Filippo Facci, Libero 09/11/2014, 9 novembre 2014
L’EUTANASIA DEL CANE
Finalmente la Chiesa ammette l’eutanasia: quella del cane. Avvenire, il quotidiano dei vescovi, martedì scorso ha condannato il suicidio assistito di Brittany Maynard e in prima pagina ha fatto un elogio del dolore: «C’è nel soffrire qualcosa che nessuno saprà mai spiegare, ma che nessuno può affermare essere inutile e dannoso». E infatti è quello che ci auguriamo sempre tutti: di soffrire il più possibile, noi e i nostri cari. Ma il cane no.

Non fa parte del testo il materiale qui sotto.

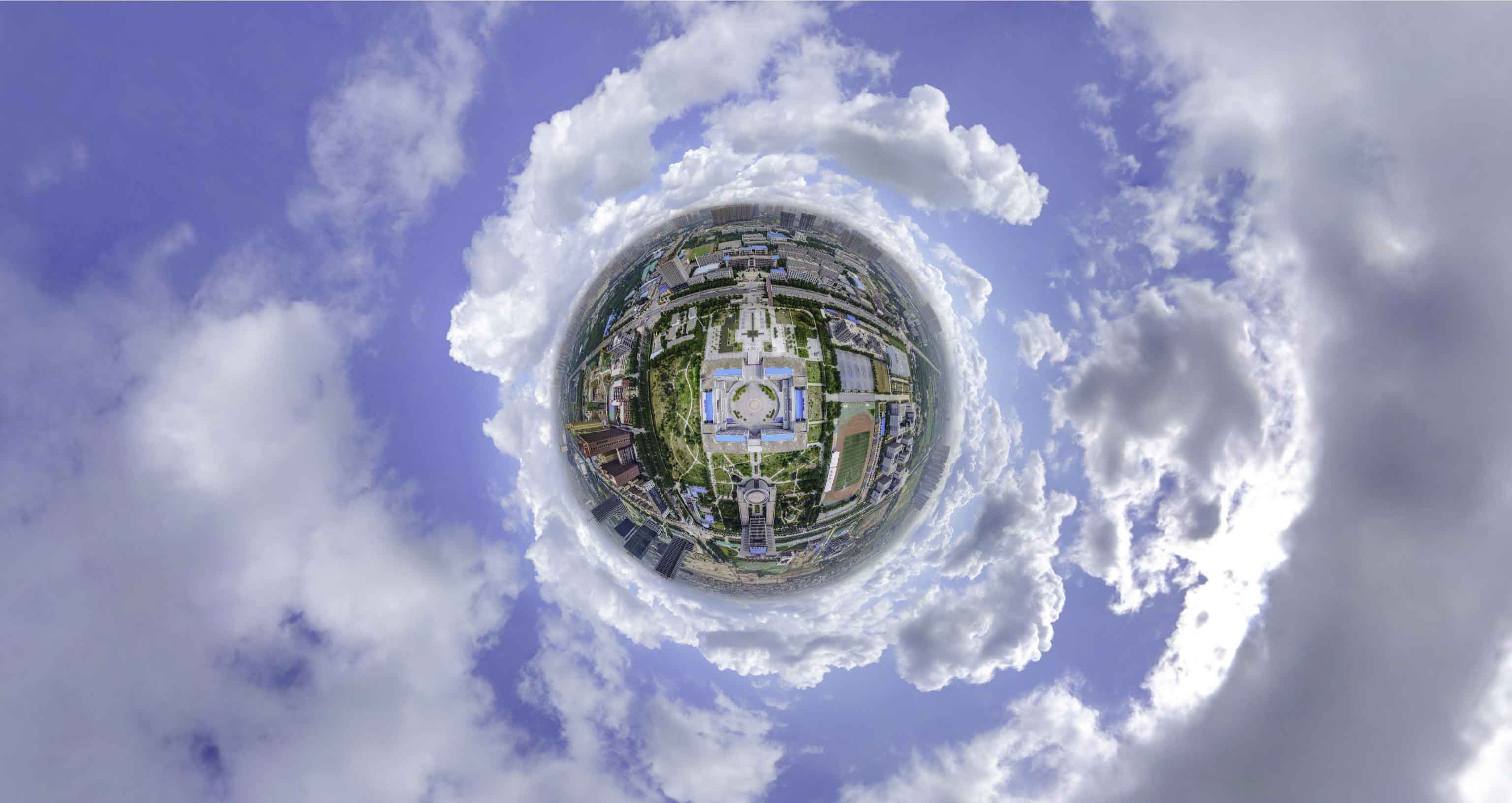 和平镇格凸河风景名胜区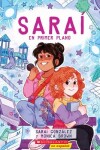 Book cover for Sara� En Primer Plano (Sarai in the Spotlight)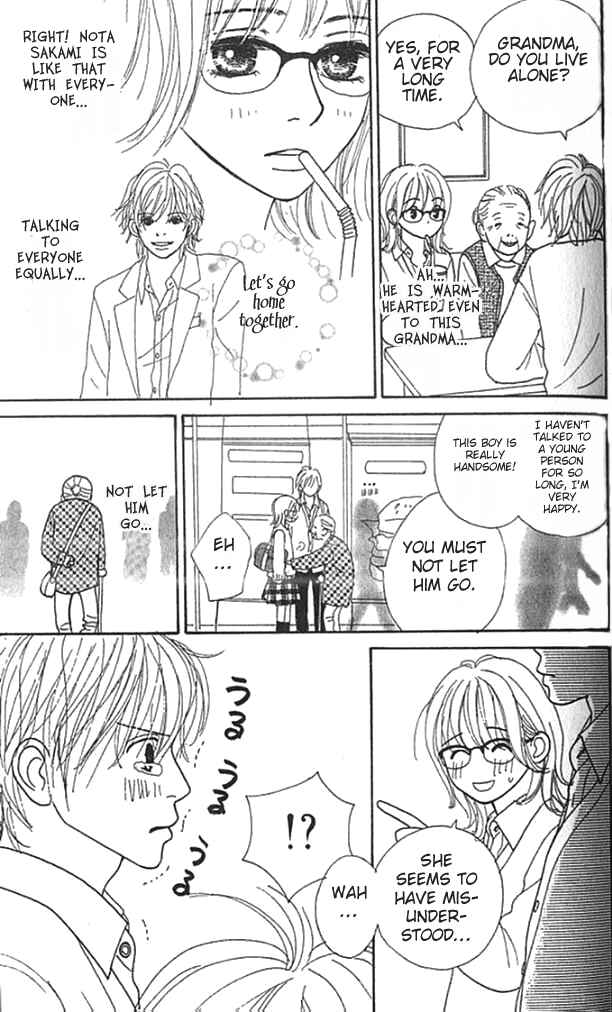 Page 40 Chapter 3 ...no Onna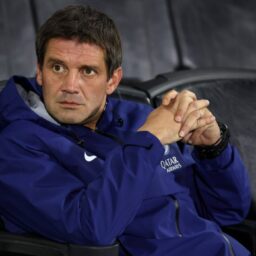 „Decizia îi aparţine lui Chivu”. Marele semn de întrebare la Inter, înaintea derby-ului cu AC Milan
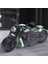 Bir Oyuncak Motosiklet, Geri Çekme Motosiklet Oyuncak, Erkekler Için 1:12 Modeli, Çekme Oyuncakları-Hediye Oğlan Kız (Yurt Dışından) 4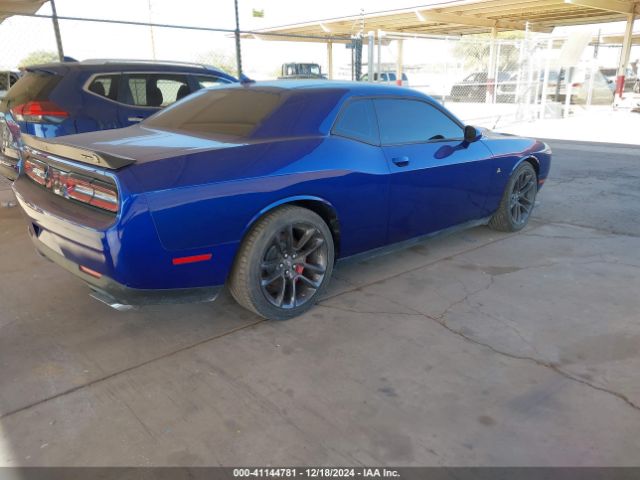 2C3CDZFJ2NH175136 Dodge Challenger R/t Scat Pack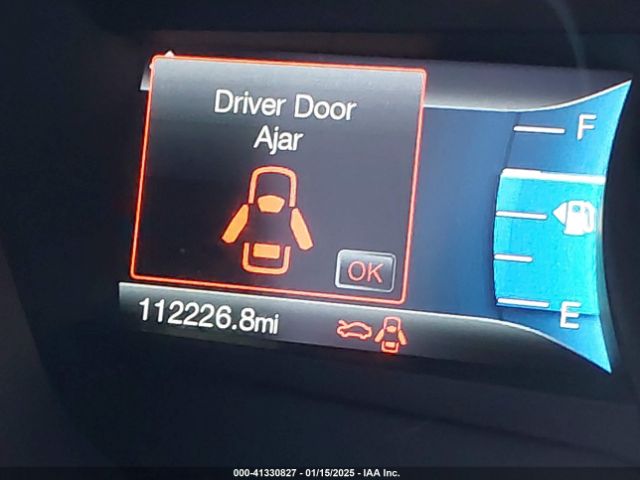 3FA6P0H94GR272656 Ford FUSION SE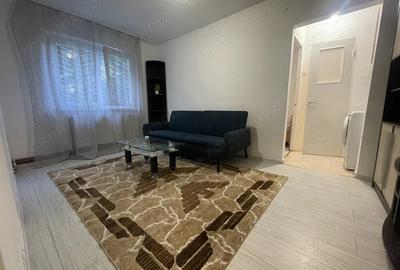 Apartament de inchiriat-2 camrere-Florilor-parter - 1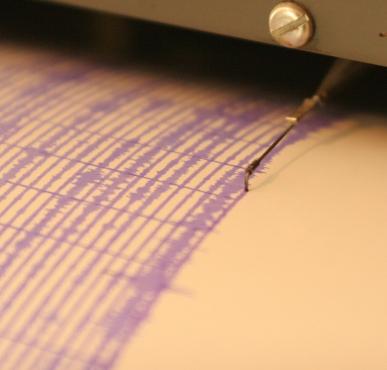 Най-силният трус е бил с магнитуд 3,8 по Рихтер, отчете Европейският сеизмологичен център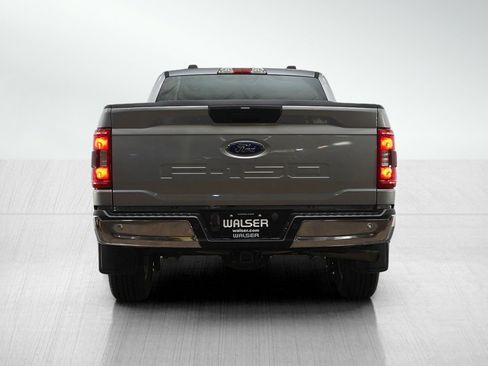 Used 2023 Ford F150 XLT AWD/4WD image 4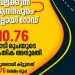 ആനന്ദപുരം- നെല്ലായി റോഡ് നിർമ്മാണത്തിന് 10.76 കോടി രൂപയുടെ സാങ്കേതിക അനുമതി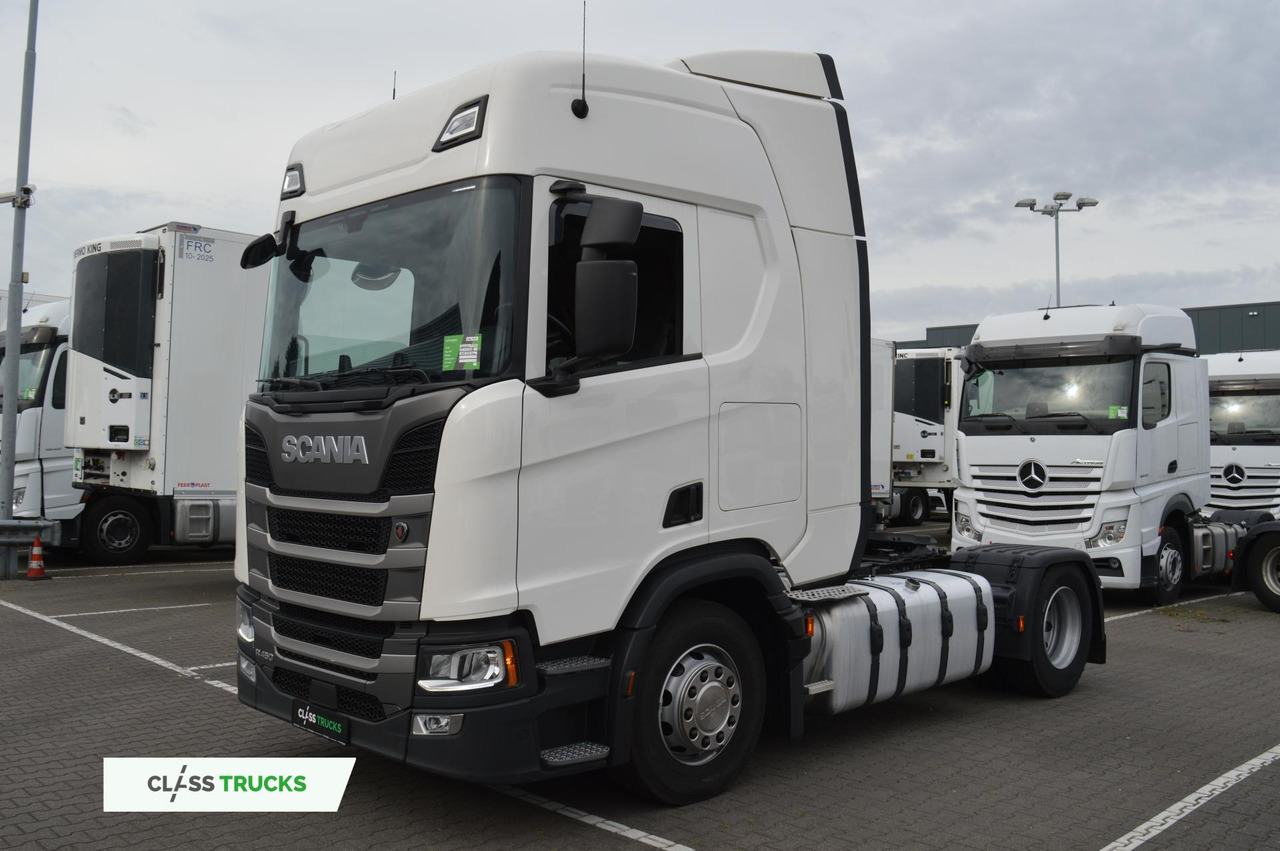 Scania R450 CR20H Retarder ACC - Tahač: obrázek 1 Scania R450 CR20H Retarder ACC - Tahač: obrázek 1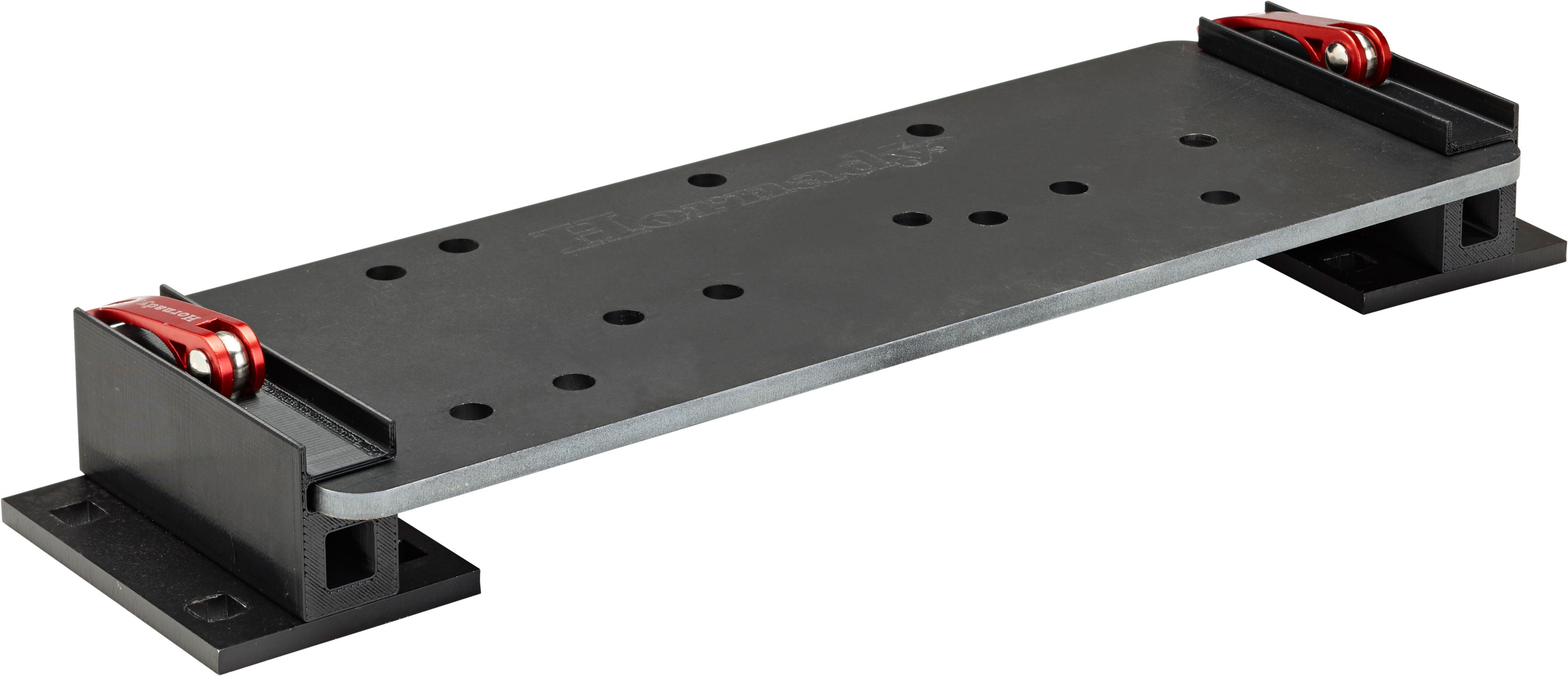 HORN 399697  QD UNIV MOUNTING PLATE ASSEMBLY
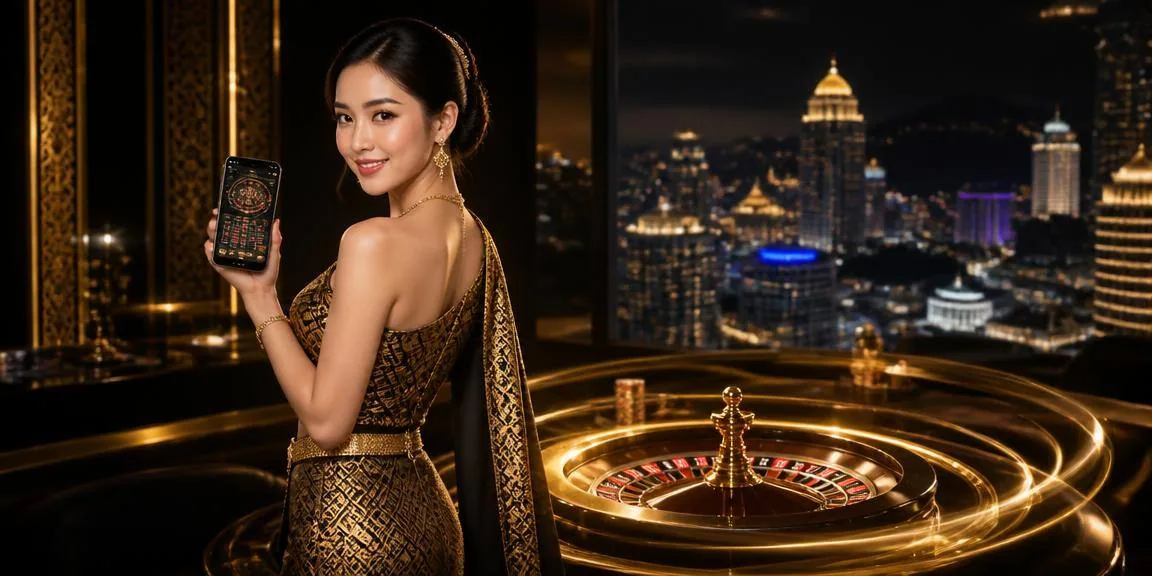 sawan356 สมัครสมาชิกและเข้าถึงล็อบบี้เกมคาสิโนทันที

Infatti lo stesso Avvenire, tre giorni dopo, titolava in prima pagina «Perché l’uomo deve evitare inutili sofferenze agli animali» i quali, si leggeva, «non essendo esseri umani, non hanno un vero e proprio diritto individuale a vivere da rispettare». Ora: questa è una rubrica di commento, ma ogni tanto davvero non si sa da che parte cominciare. Cioè: gli uomini devono soffrire come cani, i cani possono morire come uomini. Beninteso, a me non disturba che certi cattolici possano credere che la loro vita non gli appartenga e che sia solo espiazione, credito con il padreterno, un dono anche quando diventi orrendo: ma non capisco perché debbano rompere le palle e pretendere che si adeguino anche i non credenti, attribuendo il primato dell’uomo a valori morali e non com’è alla legge del più forte. Siamo animali anche noi, solo che alla natura è sfuggita la mano.